3.2 In haar, door onderdeel 1 met een rechts- en motiveringsklacht bestreden, overweging heeft de rechtbank de beoordeling van het verzoek van de officier van justitie terecht gebaseerd op de feiten en omstandigheden die zich ten tijde van haar beslissing voordeden.
Zoals de rechtbank in haar beschikking vooropstelt, bevonden zich bij het verzoekschrift van de officier van justitie de geneeskundige verklaring als bedoeld in art. 16 lid 1 Wet Bopz, het in art. 38 bedoelde behandelingsplan en een bericht over de stand van uitvoering daarvan. Uit deze gedingstukken blijkt onder meer dat bij betrokkene sprake is van een bipolaire stoornis, dat deze stoornis van de geestvermogens het gevaar doet veroorzaken van uitputting van betrokkene, verslechtering van haar diabetes, dreigende maatschappelijke teloorgang en ernstige contactstoornissen met haar zieke echtgenoot, en dat dit gevaar ook na beëindiging van de geldigheidsduur van de lopende machtiging aanwezig zal zijn.
Het oordeel van de rechtbank dat het voor de voortzetting van het verblijf van betrokkene noodzakelijke gevaar niet is gebleken, is in het licht van voormelde gedingstukken onbegrijpelijk nu zonder nadere motivering, die ontbreekt, niet duidelijk is op welke wijze de rechtbank de inhoud van deze stukken in haar beoordeling heeft betrokken en waarom het verzoek van de officier van justitie niet toewijsbaar is, gelet op hetgeen in die stukken ten aanzien van het gevaar is vermeld.

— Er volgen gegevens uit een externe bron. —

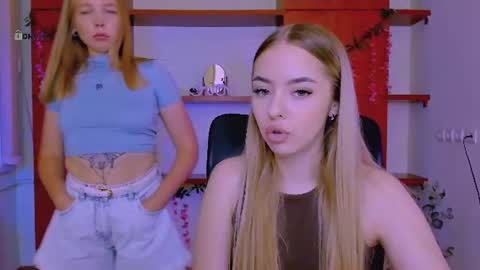 viola_sweet_ online show from June 21, 9:01 am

De motiveringsklacht van onderdeel 1 slaagt derhalve.
3.3 Het voorgaande brengt mee dat de bestreden beschikking niet in stand kan blijven en het middel voor het overige geen behandeling behoeft.
4. Beslissing
De Hoge Raad:
vernietigt de beschikking van de rechtbank Rotterdam van 12 juni 2007;
verwijst het geding naar die rechtbank ter verdere behandeling en beslissing.
Deze beschikking is gegeven door de raadsheren A.M.J. van Buchem-Spapens, als voorzitter, A. Hammerstein en C.A. Streefkerk, en in het openbaar uitgesproken door de raadsheer E.J. Numann op 23 november 2007.